Imagínate ahora que te subes a uno de esos trenes. Tomas asiento, arrancáis y al poco rato anuncian por megafonía que el tren no va a ninguna parte. El trayecto va a consistir simplemente en una experiencia sensorial e intelectual. La noticia os pilla por sorpresa a ti y al resto de pasajeros, dada la buena reputación de la compañía. Se os dice que podéis bajaros cuando queráis: las puertas están abiertas y hay miles de trenes similares que sí se dirigen a un destino concreto. ¿Seguirías a bordo?
Como ya habréis imaginado, mi novela era ese tren que no iba a ninguna parte. Cuando uno piensa que su visión del mundo y sus reflexiones bastan para sustentar una novela; cuando, de algún modo, se erige en representante de una generación y de una época, ¿qué puede importarle una maldita trama? ¡La vida real no tiene trama!, me decía a mí mismo con arrogancia. Pero la ficción sí, añado ahora, tras una cura de humildad de cinco años.

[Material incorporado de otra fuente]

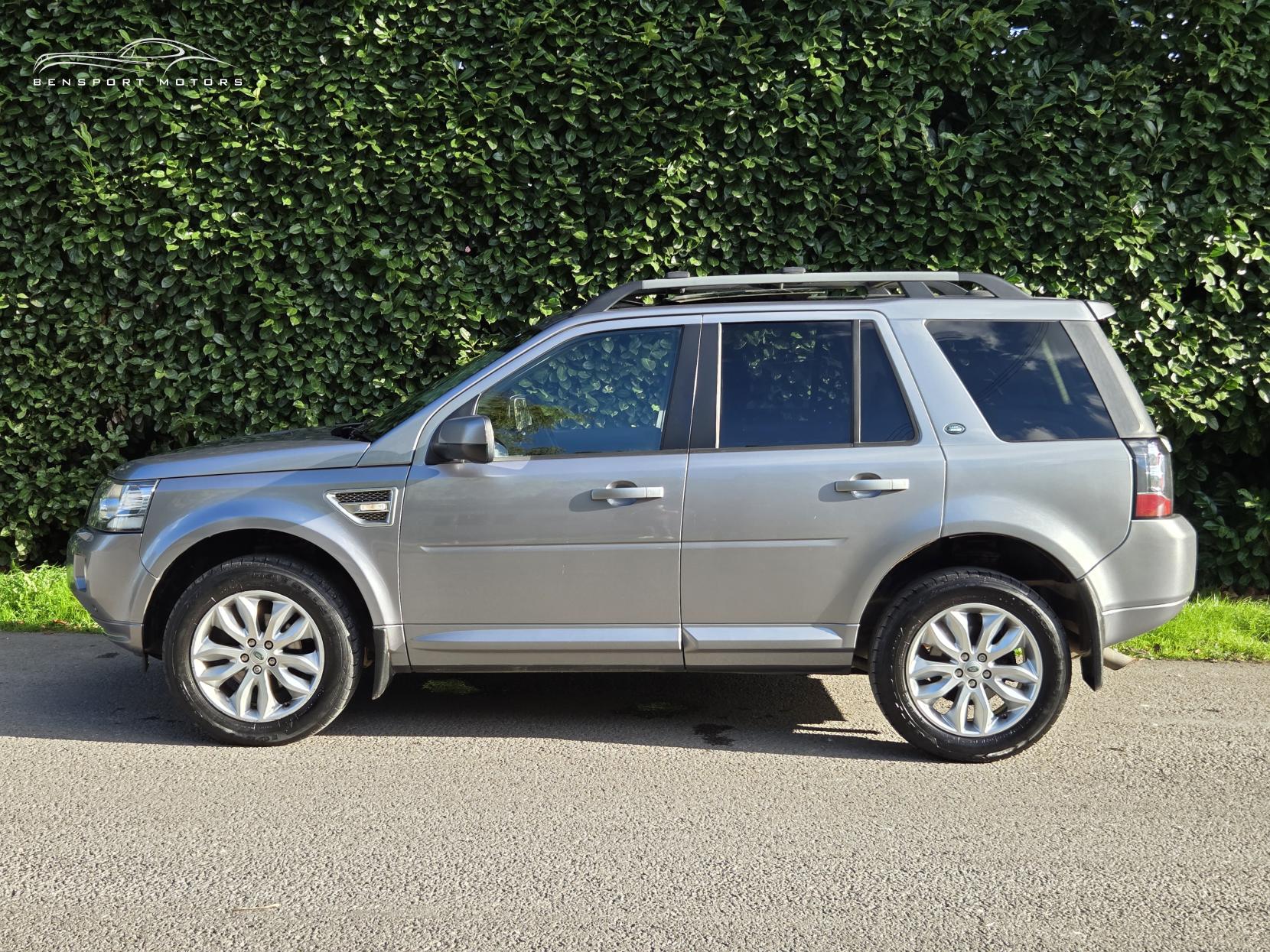 Land Rover Freelander 2 2.2 SD4 HSE SUV 5dr Diesel CommandShift 4WD Euro 5 (190 ps)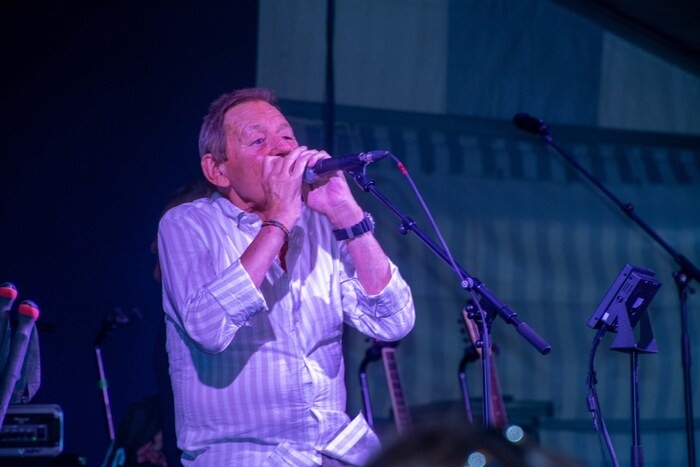 Wolfgang Ambros impressed both at the sound check and during the concert. Incidentally, he ...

Una trama, como supongo que te enseñan en cualquier taller de escritura, es esencial para que el lector quiera seguir leyendo. No basta con entretenerle durante el trayecto: en cuanto sepa que no va a ninguna parte, se bajará del tren y cogerá otro. El lector actual tiene a su disposición todos los libros del mundo y muy poco tiempo para leerlos. La única forma de que no active el freno de emergencia es engancharle con una buena trama. Sólo así conseguirás que se siente, se relaje y disfrute del viaje.